On January 28th, 2016, I sat down with Dad to ask him a very tough question. I told him that tomorrow we were going to have a talk with his team of doctors, because he was in no mental state to make his own medical decisions between the cancer, the pneumonia, and the amount of drugs they were pumping into his system. I told him that a big part of which was to answer the question “do we want to keep fighting this thing?”
He didn't understand.
He looked at me, eyes confused, and full of abject horror, as he struggled to process through the drugs that made him sleepy and killed his brain functions. He said, “I don't understand. Are you saying that... I don't understand.” It was like talking to a child. Through the haze of medication and illness he wanted to know if this was it, if they had told me he was going to die. He looked at me to explain it. Scared, confused, and desperately wanting control in a situation that he no longer had access to. I explained that he was very sick, and that there is no shame in wanting the pain to stop, and the doctors' wanted to know how we wanted to proceed. “Ok. Ok. I think...if there's a fight to be had, then I would like to fight.”
The next day my brother arrived, and we had that meeting. It was very quick. The doctor's explained that even if they cured the pneumonia without the drugs failing his organs (which was a long shot), he was going to need a full bone marrow transplant soon, and in order to receive that transplant he needed to be in good health (which was a long shot), and that even if they successfully accomplished the transplant his body needed to accept that transplant (which was a long shot). They told us that we were looking at odds of 1 in a million that all of the things work, and that was generous. In every other option, Dad died in an excruciating amount of pain.
The decision wasn't hard, we decided to stop treatment.
We returned to his hospital room, the doctor having told him the decision. There was no light in Dad anymore. He had been pushed onwards by hope, hope that he would get better, hope that he would get to see his beloved land in New Hampshire again, hope that he would get to hike another mountain, take another road trip, see a new place, teach another class. He was driven by a will and a hope to live, that was now impossible, and he was told he had probably a max of 72 hours to live in a hospital bed, many of which he probably wouldn't be awake for.
He was staring at the ceiling, off in his own world, probably on top of Mount Washington, looking at the White Mountains. He had this look of longing, and a pain that I don't think many people can understand. I think about that moment a lot. I think about standing next to that bed, my hand on his shoulder, his eyes off somewhere that I'll never know exactly. I remember talking to him, and getting no response, nothing brought him out of that dream world except for “I love you”. He would fight his way through the fog, turn, look straight into my eyes, and repeat the phrase twice, like the first time wasn't how he meant it, and he wanted to make sure it was perfect.

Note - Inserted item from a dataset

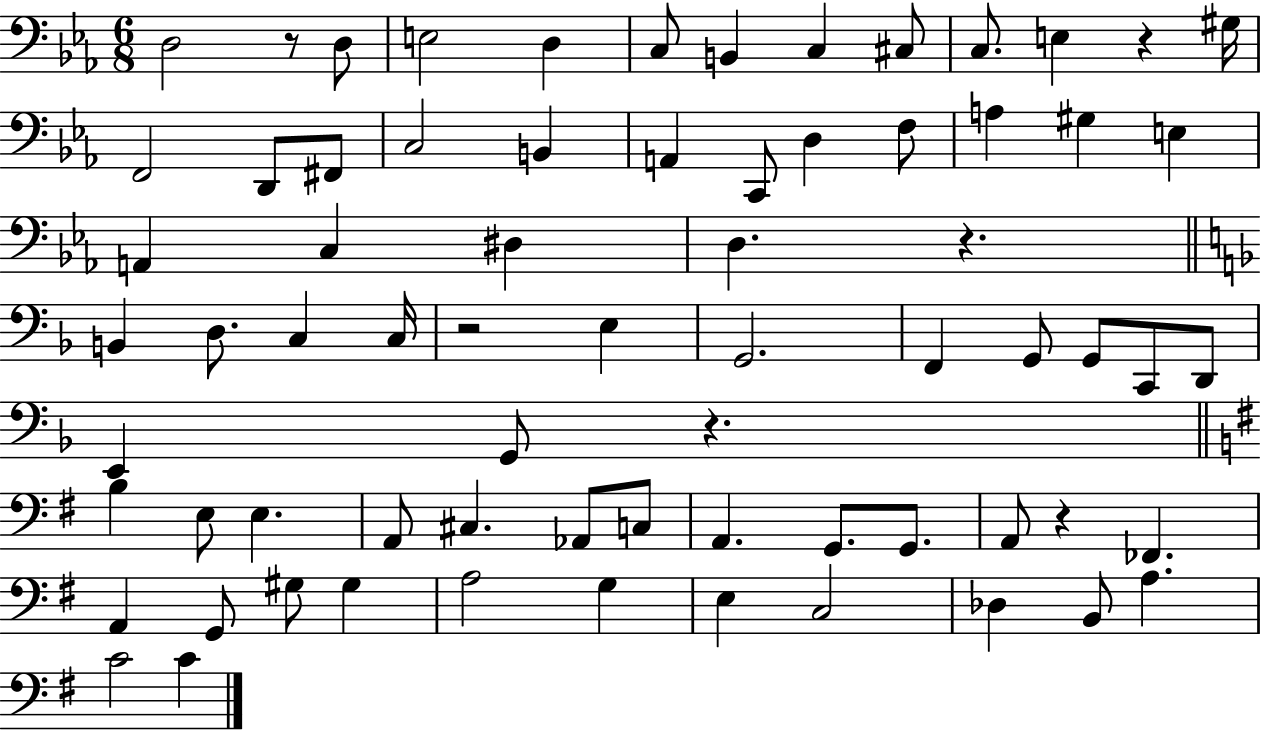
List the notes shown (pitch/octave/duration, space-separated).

D3/h R/e D3/e E3/h D3/q C3/e B2/q C3/q C#3/e C3/e. E3/q R/q G#3/s F2/h D2/e F#2/e C3/h B2/q A2/q C2/e D3/q F3/e A3/q G#3/q E3/q A2/q C3/q D#3/q D3/q. R/q. B2/q D3/e. C3/q C3/s R/h E3/q G2/h. F2/q G2/e G2/e C2/e D2/e E2/q G2/e R/q. B3/q E3/e E3/q. A2/e C#3/q. Ab2/e C3/e A2/q. G2/e. G2/e. A2/e R/q FES2/q. A2/q G2/e G#3/e G#3/q A3/h G3/q E3/q C3/h Db3/q B2/e A3/q. C4/h C4/q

I think back on that moment a lot, and I think how apropos the song I chose to record for Dad last year is. The final verse, just after the key change, reads “turn your eyes from the sky now, turn around and look at me. There's a light in my eyes now, and a word for what you see. We call it love”. I do not know what it means to be a father, but I know what it means to want to express love in a new way, a way that feels unique, and whole, and encapsulates the feeling in a way the word never could. Today, I have to find ways to express it that he might understand now, when words are no longer possible.
For me that's music, for me that's fighting for what's right and standing up for the little guy, that's living in ways he loved, and loving the ways he lived. It's finding a new language to express one singular, overwhelming emotion that simmers at the surface of everything I do, with everyone I meet.
“New words today, we learn to say, learn moon, learn stars, learn love.”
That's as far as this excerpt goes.